When reviewing my pictures I noticed that with long distances and longer focal lengths all images become out of focus / distorted. This weren't my first airshows and I didn't notice this problem before. Shots with long focal lengths on close flypasts did not exhibit the same issue.

The issue looks similar to heat waves usual when planes are taking off or landing and there is a lot of heat from tarmac. Is the same effect happening in skies as well? I noticed that a lot of photographers didn't bother to take pictures of planes in distance. I'm fine with the result, just want to check for the next time that I didn't do something wrong or that there isn't some issue with my equipment.

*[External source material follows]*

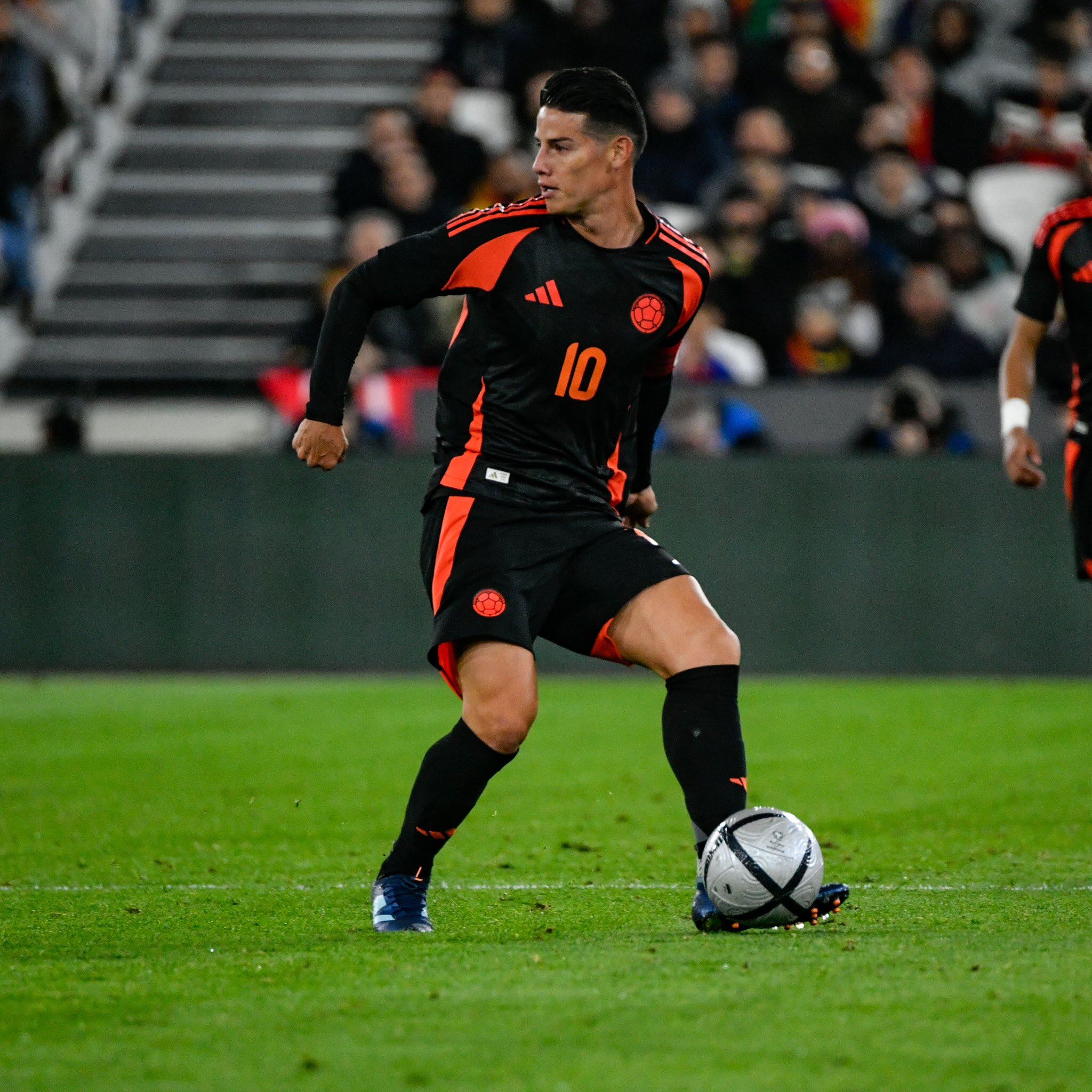 James Rodríguez en el triunfo de la Selección Colombia sobre España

Example of distant shot (whole picture and 1:1 detail). I think this one was done with: 1/1250, f6.3, 160 Iso, 562 mm - Canon 5D IV and Sigma 150-600 C OS, AI Servo, sequential shutter, single point AF

I have some more striking examples but those may be combined with some motion blur or bad focus as well.


----------



## AlanF (Jul 17, 2018)

It's standard heat haze - currents of air have different temperatures and diffract the light in a rapidly fluctuating manner. It's a common problem with telephotos in hot weather. There was posting some time ago when someone eliminated it for a static subject by using a 10x ND filter over a long exposure so the fluctuations averaged out.


----------



## stevelee (Jul 17, 2018)

It's really a nice shot when you don't pixel peep. Obviously the 100% crop is useful for your asking the question.


----------